Scribble-Supervised Medical Image Segmentation with Dynamic Teacher Switching and Hierarchical Consistency
This work addresses the annotation burden in medical image segmentation for healthcare applications, representing an incremental improvement over existing scribble-supervised methods.
The paper tackles the problem of noisy pseudo-label propagation in scribble-supervised medical image segmentation by proposing SDT-Net, a dual-teacher, single-student framework with dynamic teacher switching and hierarchical consistency, achieving state-of-the-art performance on ACDC and MSCMRseg datasets.

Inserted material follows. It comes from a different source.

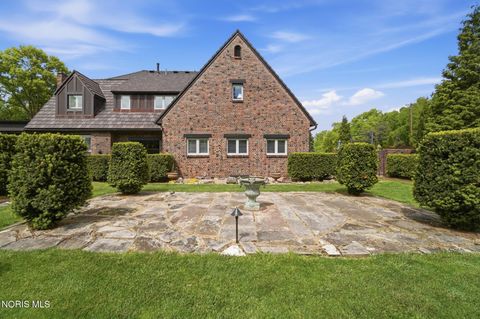 Tiny photo for 30051 Hickory Hill Drive, Perrysburg, OH 43551 (MLS # 10007981)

Scribble-supervised methods have emerged to mitigate the prohibitive annotation burden in medical image segmentation. However, the inherent sparsity of these annotations introduces significant ambiguity, which results in noisy pseudo-label propagation and hinders the learning of robust anatomical boundaries. To address this challenge, we propose SDT-Net, a novel dual-teacher, single-student framework designed to maximize supervision quality from these weak signals. Our method features a Dynamic Teacher Switching (DTS) module to adaptively select the most reliable teacher. This selected teacher then guides the student via two synergistic mechanisms: high-confidence pseudo-labels, refined by a Pick Reliable Pixels (PRP) mechanism, and multi-level feature alignment, enforced by a Hierarchical Consistency (HiCo) module. Extensive experiments on the ACDC and MSCMRseg datasets demonstrate that SDT-Net achieves state-of-the-art performance, producing more accurate and anatomically plausible segmentation.